[[ Extracted entries open ]]

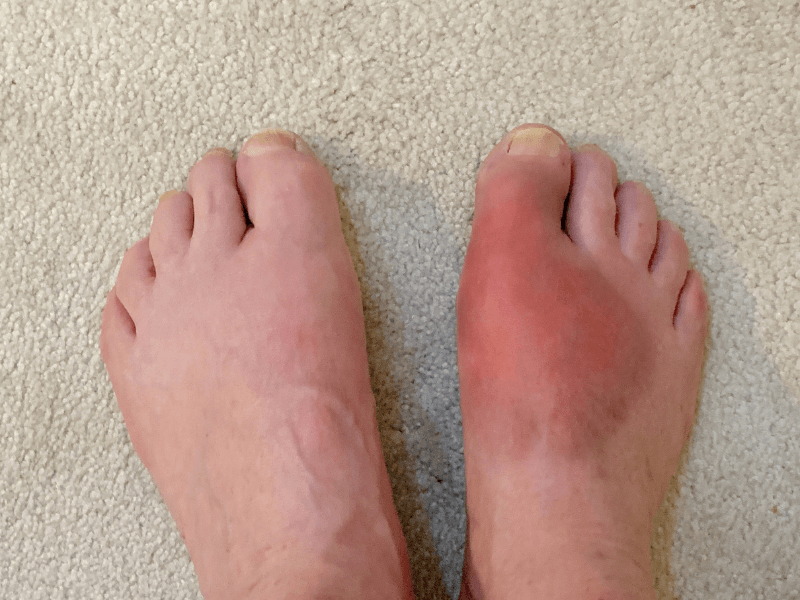 Bị Gout đau ở đâu nhiều nhất? Lời nhắn nhủ từ Lão Tuấn giúp bà con vơi bớt nỗi lo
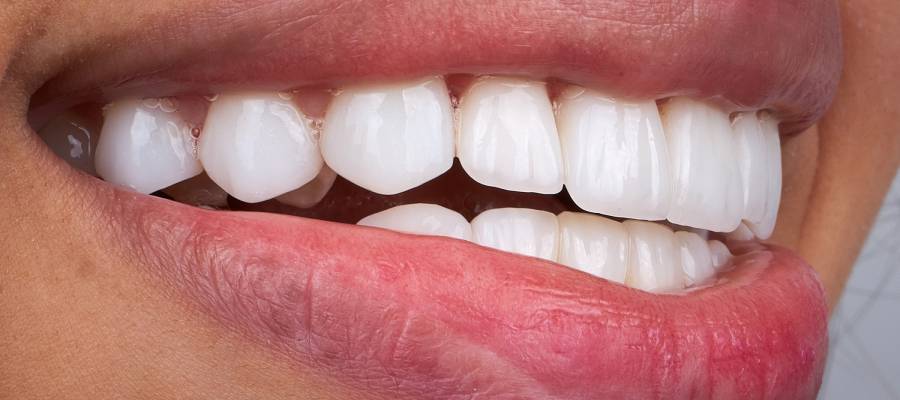 Beyaz ve düzgün hizalanmış dişlere sahip bir bireyin yakından çekilmiş gülümsemesi.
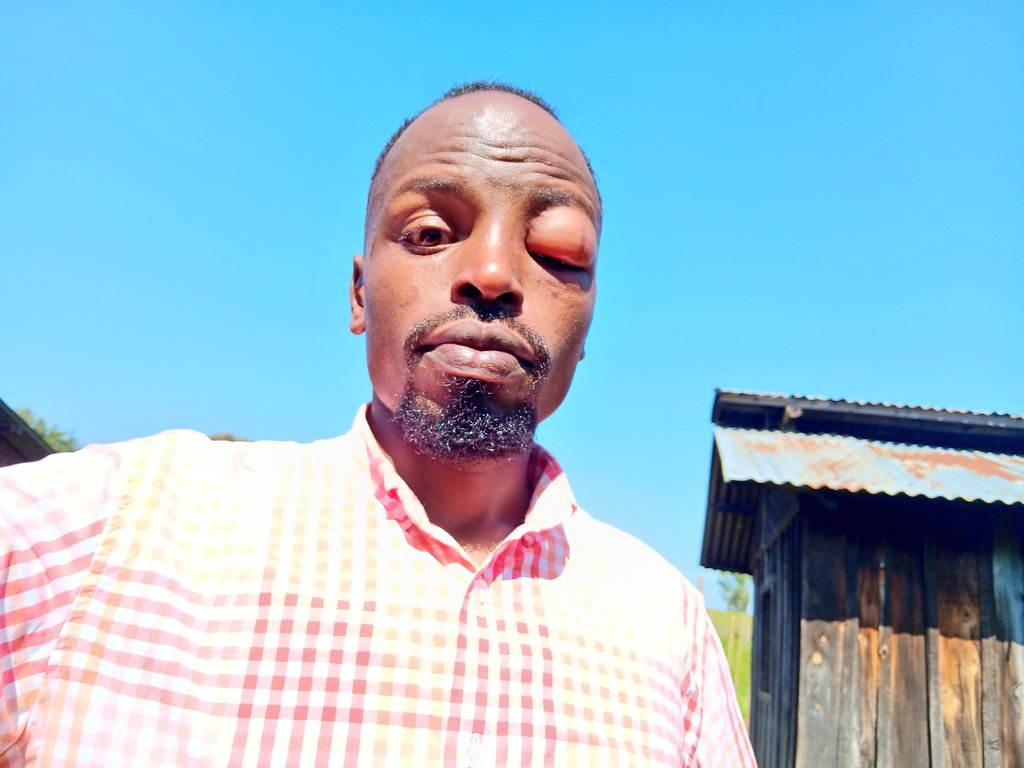 Another bad day in the office 😅😅
This is a call to have an apiary. 🐝
African Business 🌱 🌾 🚜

[[ Extracted entries closed ]]

▸ What is being asked
With the pictures omitted, reproduce the data above exactly.

▸ Your solution
 Bị Gout đau ở đâu nhiều nhất? Lời nhắn nhủ từ Lão Tuấn giúp bà con vơi bớt nỗi lo
 Beyaz ve düzgün hizalanmış dişlere sahip bir bireyin yakından çekilmiş gülümsemesi.
 Another bad day in the office 😅😅
This is a call to have an apiary. 🐝
African Business 🌱 🌾 🚜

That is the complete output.